Given records
+ + + +
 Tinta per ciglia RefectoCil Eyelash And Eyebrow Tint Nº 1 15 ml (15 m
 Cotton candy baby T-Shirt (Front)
+ + + +
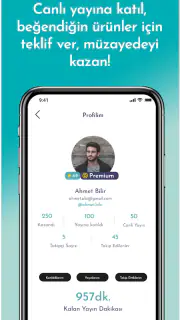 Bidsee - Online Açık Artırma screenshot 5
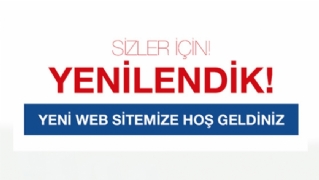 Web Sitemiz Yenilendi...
+ + + +
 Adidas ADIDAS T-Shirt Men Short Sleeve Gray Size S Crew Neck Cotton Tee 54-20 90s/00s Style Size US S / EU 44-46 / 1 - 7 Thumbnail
+ + + +
Exercise directions
Nothing but a number should be given: the tally of lines in the listing that contain "Cotton".

Output for this exercise
2